Mamba-3

(together.ai)

109 points | by matt_d 3 days ago

2 comments

  • nl 3 hours ago
    I'm looking forward to comparing this to Inception 2 (the text diffusion model) which in my experience is very fast and reasonably high quality.
    • PhilippGille 26 minutes ago
      You mean Mercury 2, by Inception: https://openrouter.ai/inception/mercury-2
    • jychang 1 hour ago
      That's completely different. That's like saying you want to compare the Nvidia 5090 GPU to the latest Call of Duty.
    • cubefox 2 hours ago
      Mamba-3 is an architecture while diffusion is, I believe, a type of objective. So these are not mutually exclusive and therefore not comparable.
  • robofanatic 3 hours ago
    > Mamba-3 is a new state space model (SSM) designed with inference efficiency as the primary goal — a departure from Mamba-2, which optimized for training speed. The key upgrades are a more expressive recurrence formula, complex-valued state tracking, and a MIMO (multi-input, multi-output) variant that boosts accuracy without slowing down decoding.

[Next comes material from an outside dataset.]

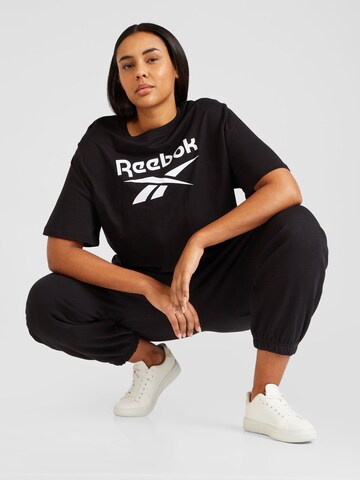 Tricou 'IDENTITY' de la Reebok pe negru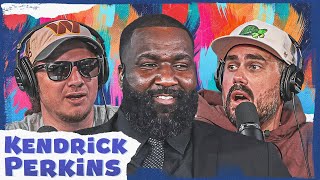 CELTICS DROP GAME 2 + KENDRICK PERKINS TELLS US NBA PLAYERS THAT COULD PLAY IN THE NFL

    Why can’t they simply say -

    Mamba-3 focuses on being faster and more efficient when making predictions, rather than just being fast to train like Mamba-2.

    • esquire_900 3 hours ago
      This is sort of what their first sentence states? Except your line implies that they are fast in training and inference, they imply they are focusing on inference and are dropping training speed for it.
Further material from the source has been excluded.